Description of the task: When you repeat the records, keep every word exact and drop each picture.

*** Begin section ***

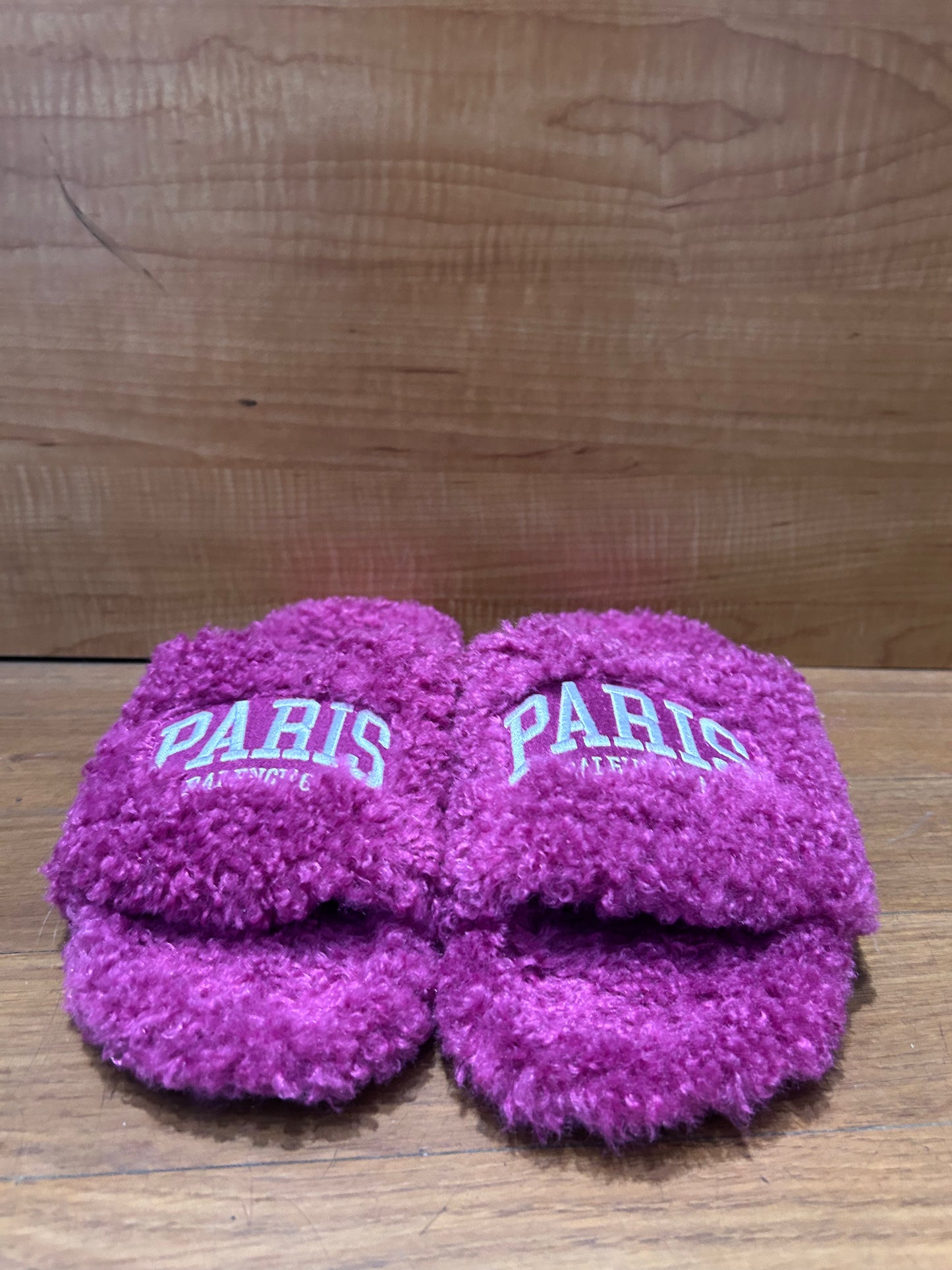 Balenciaga Cities Paris Furry Slide Sandals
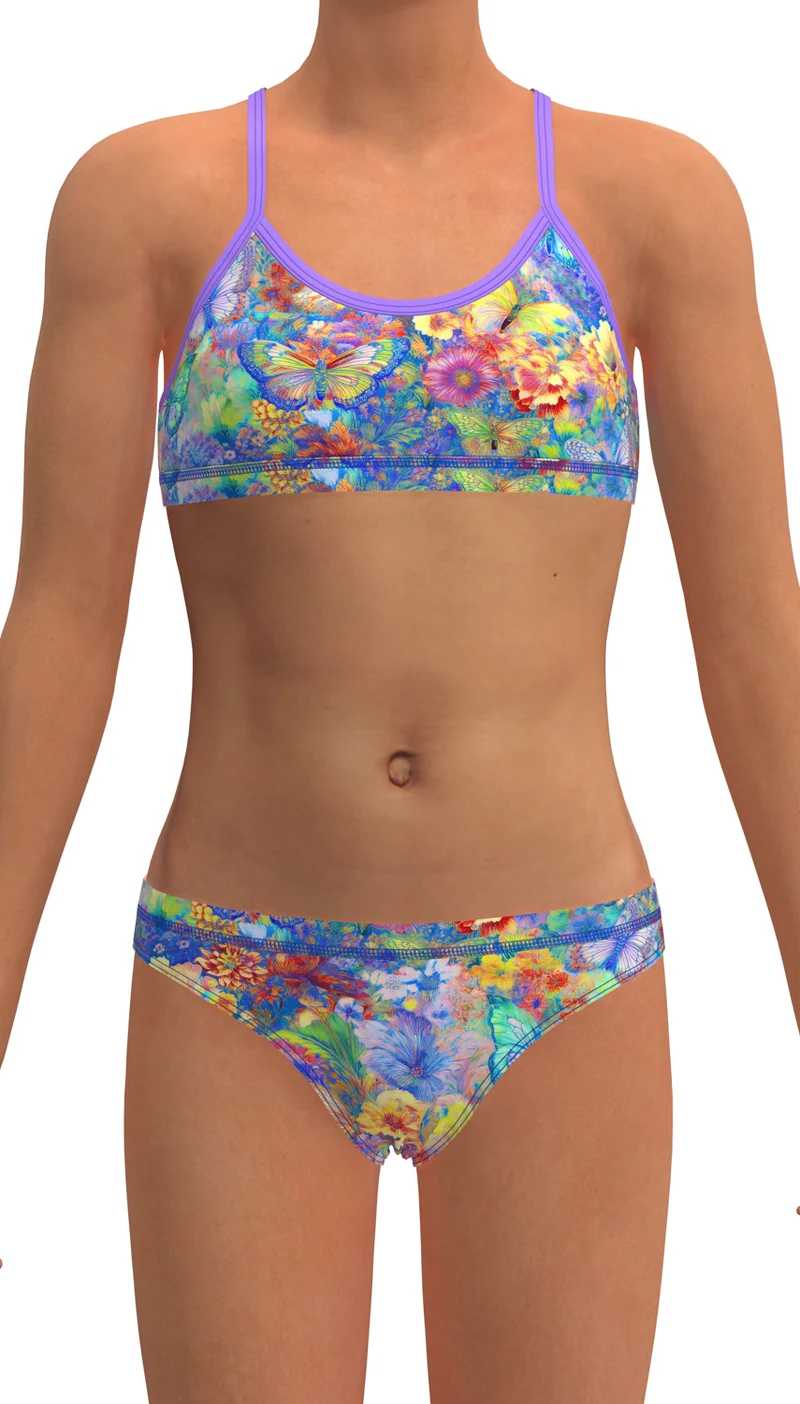 Funkita Girls Racerback Bikini Austin Flowers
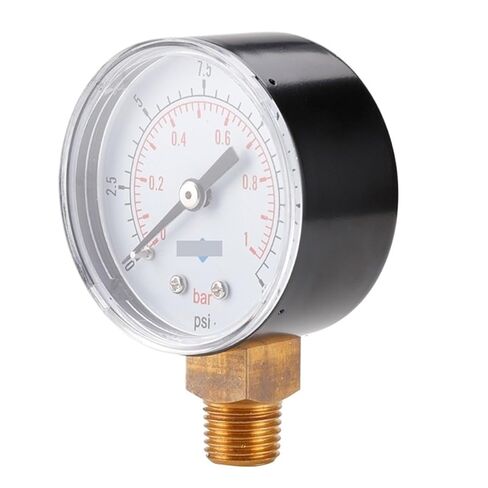 مقياس الضغط المنخفض لزيت هواء الوقود أو الماء 0-15psi/0-1bar BSPT حامل سفلي 0-1 بار/0-15psi 1/4 BSPT خيط in Kuwait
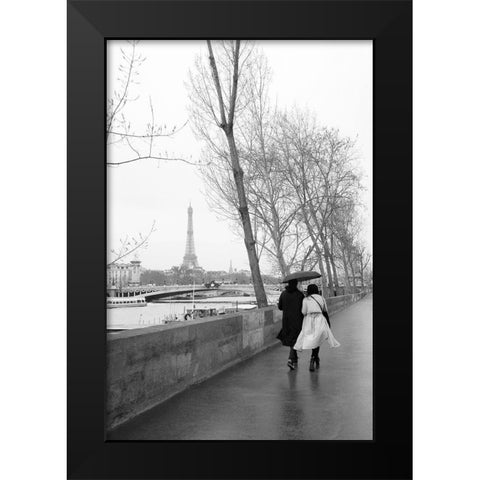 Paris In The Rain I Love Black Modern Wood Framed Art Print by Okula, Carina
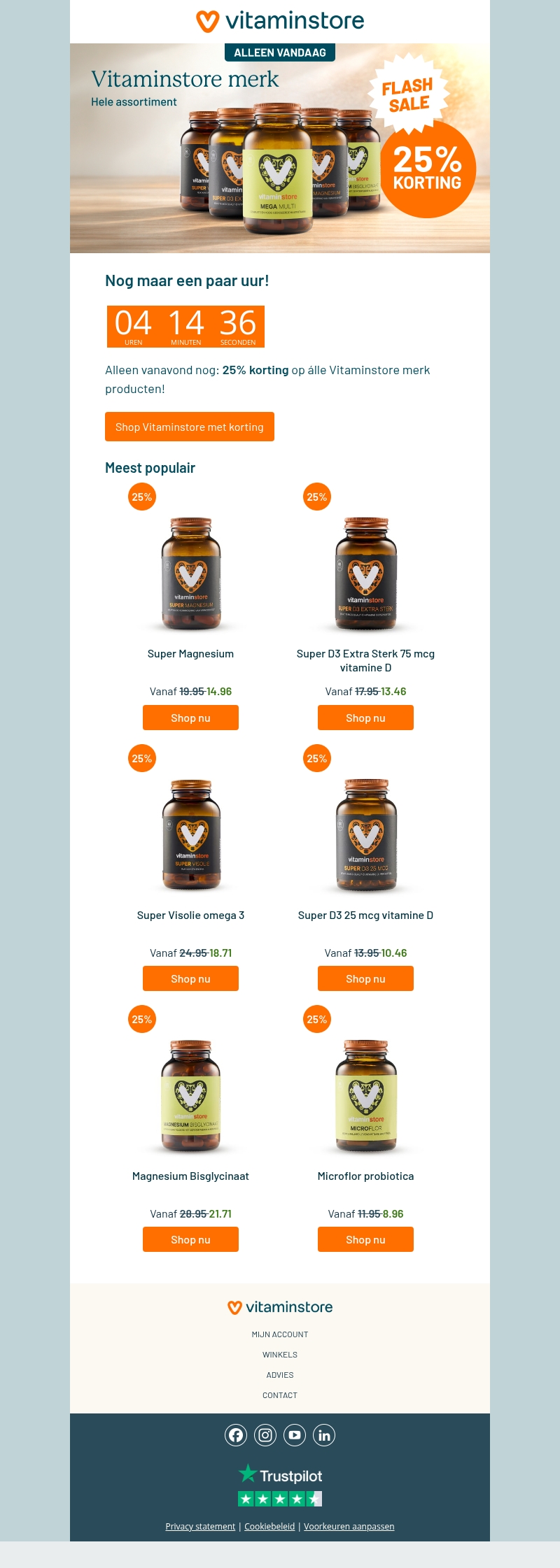 ALLEEN VANAVOND - Vitaminstore merk 25% korting ALLEEN VANAVOND - Vitaminstore merk 25% korting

*** End section ***

Answer to this exercise:
 Balenciaga Cities Paris Furry Slide Sandals
 Funkita Girls Racerback Bikini Austin Flowers
 مقياس الضغط المنخفض لزيت هواء الوقود أو الماء 0-15psi/0-1bar BSPT حامل سفلي 0-1 بار/0-15psi 1/4 BSPT خيط in Kuwait
 Paris In The Rain I Love Black Modern Wood Framed Art Print by Okula, Carina
 ALLEEN VANAVOND - Vitaminstore merk 25% korting ALLEEN VANAVOND - Vitaminstore merk 25% korting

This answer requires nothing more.